Remember to transition slowly, since its grain free, and going from low quality like beneful to high, will take time.


----------



## tpdtopcop (Jul 22, 2009)

I was reading about Acana when looking at Orijen but sadly no place sells Acana in Ohio.


----------



## rannmiller (Jun 27, 2008)

I'd choose Orijen over Innova if I were you. But Wellness and Blue Buffalo are also pretty decent options. Much better than Beneful for sure!


----------



## wags (Jan 31, 2009)

Orijen is grain free and 70 % meat content with fruits and vegetables. So if your going for grain free Orijens excellent! Innova is a holistic dog food & has grains in it good grains!. With the foods it all depends on the dog! I have used both and have had no problems. Well now with the Orijen though the grainless the dogs were gee the words a bit seem not enough gassy haha! Pew at first Yucky stink my hubby wanted me to stop feeding this haha but I tell you after a couple weeks and their systems got use to it realy no problems at all! Just beware of the gas! But like I said this all got better and really no problems at all! I love both Orijen and Innova and I love the canned foods also! Great foods! I like feeding rotation to give the dogs variety. The same ole same ole gets toooooo boring!:biggrin:


----------



## tpdtopcop (Jul 22, 2009)

Thanks for everyone's input. Today we switched from Beneful for the big dogs and Biljac for the puppy to Wellness. I am gradually adding the new stuff to the old until its completely Wellness and will let everyone know how its going.

Thanks

topcop


----------



## BabyHusky (Jul 21, 2008)

yay to the switch!!!!


----------



## wags (Jan 31, 2009)

I am sure you will be pleased witht he wellness you have chosen! KUDOS to you and your dogs will give you wet kisses!!!!!!!!!!!!!!:biggrin:


----------



## tpdtopcop (Jul 22, 2009)

Okay update time. I have all my dogs on Wellness now, My Rotty loves it and so does my Chiwawa, but my puppy the BullBoxer has had soft stools on it since I introduced it which is now going on three-four weeks. I give her kibble mixed with about two tablespoons of can in the morning and then all kibble the rest of her feedings and can't get her stools harder. I took to vet and had stool checked and all is fine. Should I try something differrent? Acana does not sell in my state and Orijen is about a 45 mile hike. What other brands are good? Innova, Blue Buffalo, Canidae? Any help would be appreciated. The Wellness is puppy Super5Mix along with puppy Wellness can. 

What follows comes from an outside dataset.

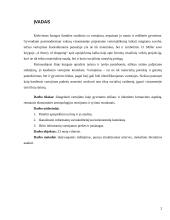 Jauno didmiesčio gyventojo savęs įprasminimas per vartojimą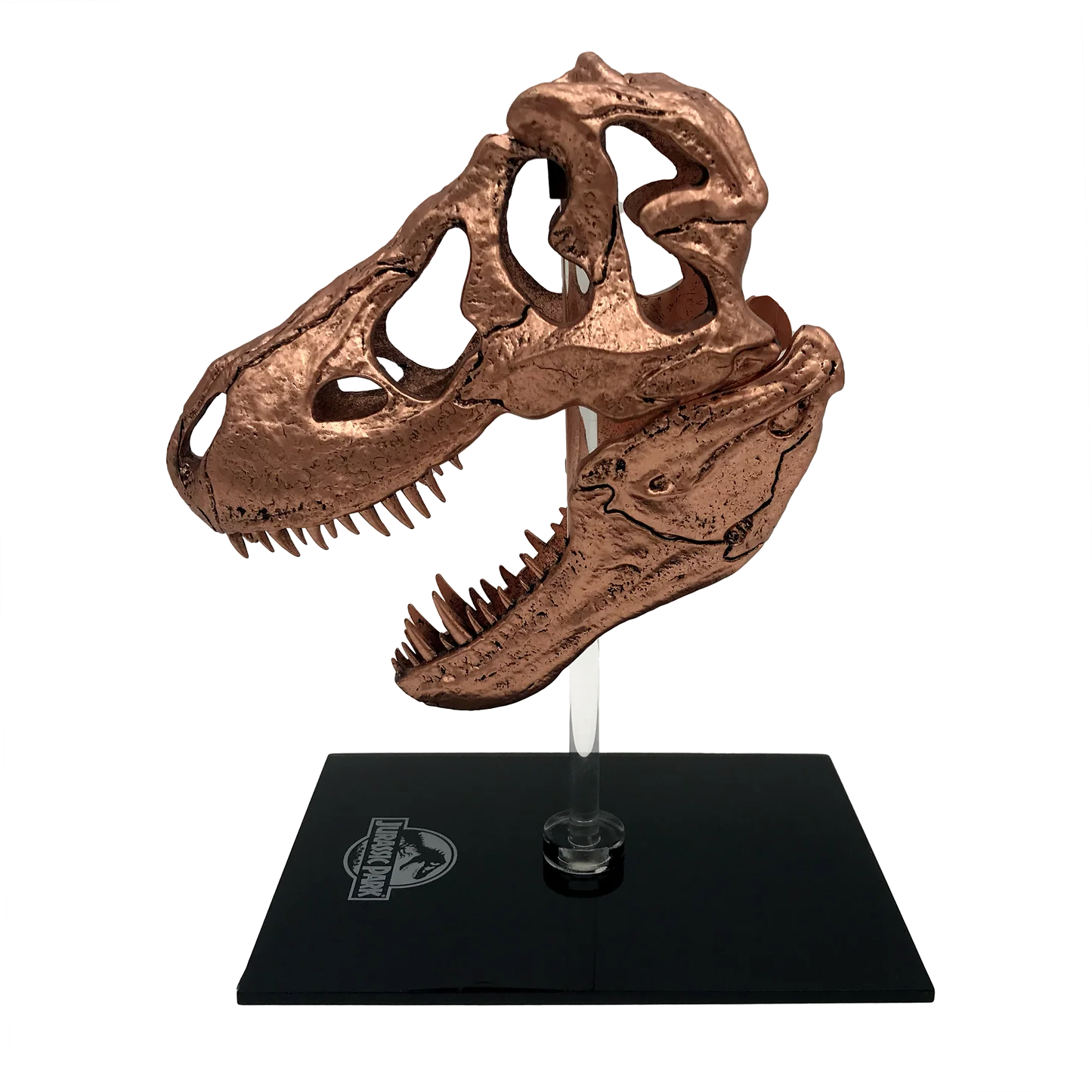 Jurassic Park | T-Rex Skull Scaled Prop Replica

Any help would be appreciated


----------



## CorgiPaws (Mar 31, 2009)

tpdtopcop said:


> Okay update time. I have all my dogs on Wellness now, My Rotty loves it and so does my Chiwawa, but my puppy the BullBoxer has had soft stools on it since I introduced it which is now going on three-four weeks. I give her kibble mixed with about two tablespoons of can in the morning and then all kibble the rest of her feedings and can't get her stools harder. I took to vet and had stool checked and all is fine. Should I try something differrent? Acana does not sell in my state and Orijen is about a 45 mile hike. What other brands are good? Innova, Blue Buffalo, Canidae? Any help would be appreciated. The Wellness is puppy Super5Mix along with puppy Wellness can.
> 
> Any help would be appreciated


When I was feeding kibble to my Corgi puppy, I started with Wellness, and he did pretty good but had occasional loose stools. I switched him to Innova Puppy and BAM! fixed. You may want to try that. 
Canidae has mixed reviews. They made a bad business move in changing their formula without making a public statement, which in turn was like giving your dog a whole new food without phasing, and a lot of dogs got sick. The ONLY dogs I know that had any issues were the ones on it during the switch. I haven't heard of anyone having problems that put their dog on it AFTER the switch. I was using Canidae up until I went raw for my German Shepherd mix, and he did fantastic on it. It's more economical than some of the other premium foods.


----------



## tpdtopcop (Jul 22, 2009)

Thanks for the reply.


----------



## sganow (Apr 16, 2009)

My dogs all eat Nature's Variety Prairie foods (mostly the chicken & brown rice formula) and they have done great on it, even our yorkie puppy. It's an all life stages food and is appropriate for all the dogs. Not sure if it's available in your area, but they have a "try it" coupon where you can buy a bag and get a 5 lb bag free. Welcome to Nature's Variety | Nature's Variety


----------



## tpdtopcop (Jul 22, 2009)

Well I switched my puppy to Orijen kibble and EVO can in the mornings just for a change through out the day and no more soft stools. She loves both the EVO wet(can) and the kibble. Thanks for all your answers and help.


----------